> [TASK OBJECTIVE]: Return every line from the one with "The North Face" through the one with "on Monday. Players", inclusive, exactly as it appears below.

*** Opening THE RECORDS ***

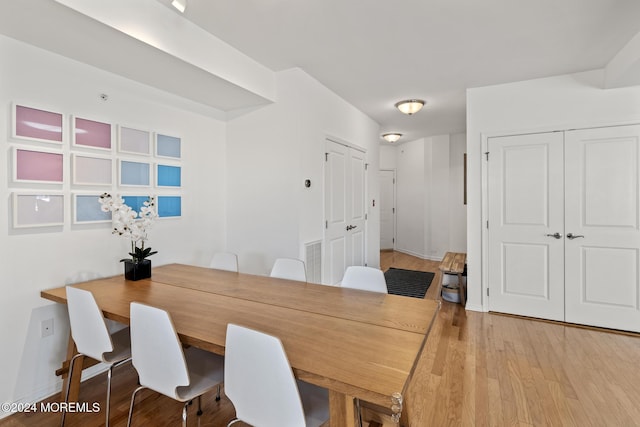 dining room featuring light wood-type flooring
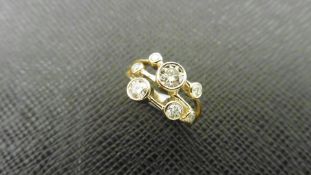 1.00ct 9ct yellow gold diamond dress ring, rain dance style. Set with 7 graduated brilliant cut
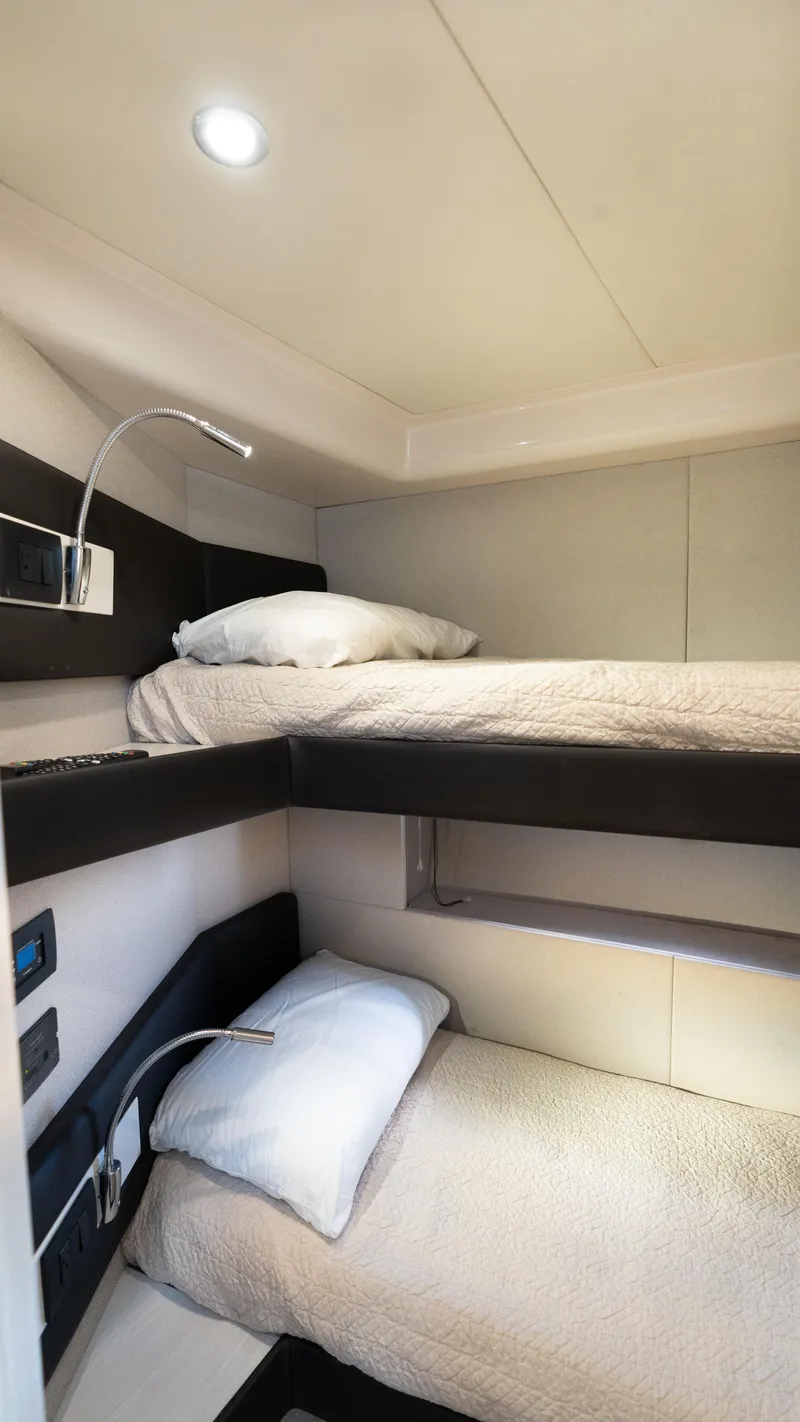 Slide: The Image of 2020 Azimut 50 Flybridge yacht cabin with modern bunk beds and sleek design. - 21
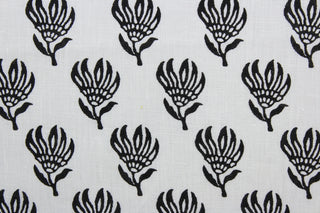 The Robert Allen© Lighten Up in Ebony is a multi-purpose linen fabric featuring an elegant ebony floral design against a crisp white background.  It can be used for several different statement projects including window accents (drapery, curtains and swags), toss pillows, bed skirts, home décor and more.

*** Closing THE RECORDS ***
*** Opening THE RECORDS ***

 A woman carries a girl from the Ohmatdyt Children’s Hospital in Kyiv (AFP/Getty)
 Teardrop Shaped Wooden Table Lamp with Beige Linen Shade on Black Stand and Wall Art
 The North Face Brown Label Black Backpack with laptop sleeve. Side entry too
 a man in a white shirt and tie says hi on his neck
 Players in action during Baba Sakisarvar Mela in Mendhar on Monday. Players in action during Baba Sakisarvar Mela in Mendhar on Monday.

*** Closing THE RECORDS ***

> [RESPONSE BELOW]:
 The North Face Brown Label Black Backpack with laptop sleeve. Side entry too
 a man in a white shirt and tie says hi on his neck
 Players in action during Baba Sakisarvar Mela in Mendhar on Monday. Players in action during Baba Sakisarvar Mela in Mendhar on Monday.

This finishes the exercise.